Reads the footer without touching the triangle payload. Useful for debugging,
visualizing coverage, or driving a custom remote reader against an `.istl`
file on S3.

## On-disk format (summary)

```
bytes  0..8   : IDENTIFIER "ISTL1\0\0\0"
bytes  8..80  : reserved (zeroed, 72 B)
bytes 80..84  : triangle_count u32 LE     ← valid plain-STL count
bytes 84..    : triangles (50 B each, Hilbert-sorted)
... footer payload (just before the tail):
    4 B group_count u32
    group_count × 40 B records: byte_start u64, byte_size u64, bbox (6× f32)
last 16 B     : footer_size u64 LE + TRAILER "ISTLEND\0"
```

The footer is **self-locating from the tail** (the same pattern Parquet uses):
a reader looks at the last 16 bytes to find the trailer identifier and
`footer_size`, then reads `footer_size` bytes immediately before the tail to
get the index. Invariant: `file_size = 84 + 50 × triangle_count + footer_size + 16`.

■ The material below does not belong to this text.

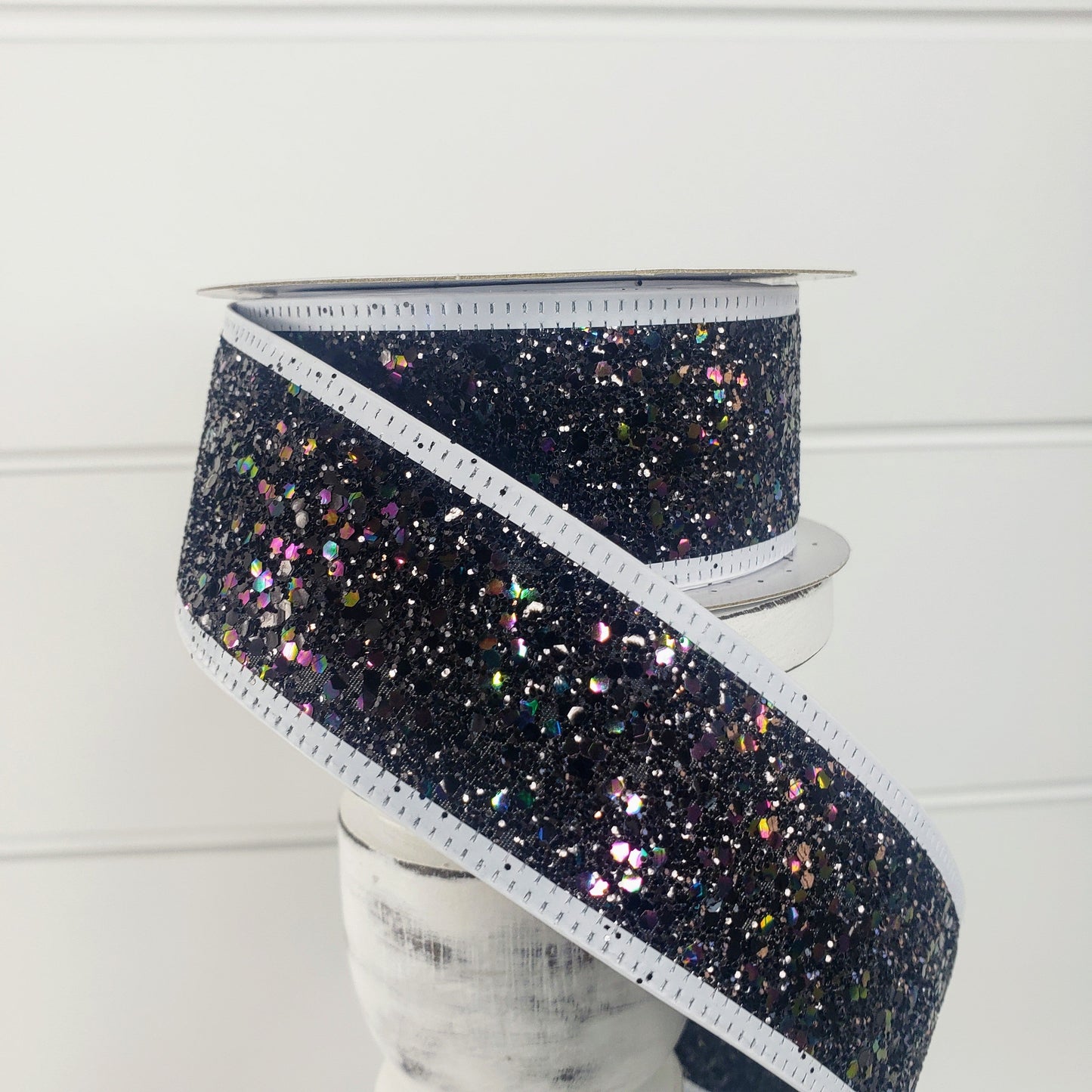 1.5"x10YD Black Glittered Wired Ribbon with White Edge - Sparkling Elegance for Crafts, Wreathmaking, and Decor-(55108-09-20) TCT Crafts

This makes the format friendly to range-GET access on S3: one speculative
`GET Range: bytes=-N` (e.g. `N = 64 KB`) typically retrieves the trailer
identifier, `footer_size`, and the entire footer in a single round trip. Once the
index is in hand, follow-up GETs fetch only the matching row-group slabs.

Because the format keeps the original binary-STL header structure (just with
identifier in the unused-by-spec first bytes), the file remains parseable by any
strict binary-STL reader. Some readers (e.g. `meshio`) auto-detect ASCII vs
binary by UTF-8-decoding the first few bytes and will trip on the identifier —
that's a reader quirk, not a format violation.

## License

Same as the workspace: MIT OR Apache-2.0.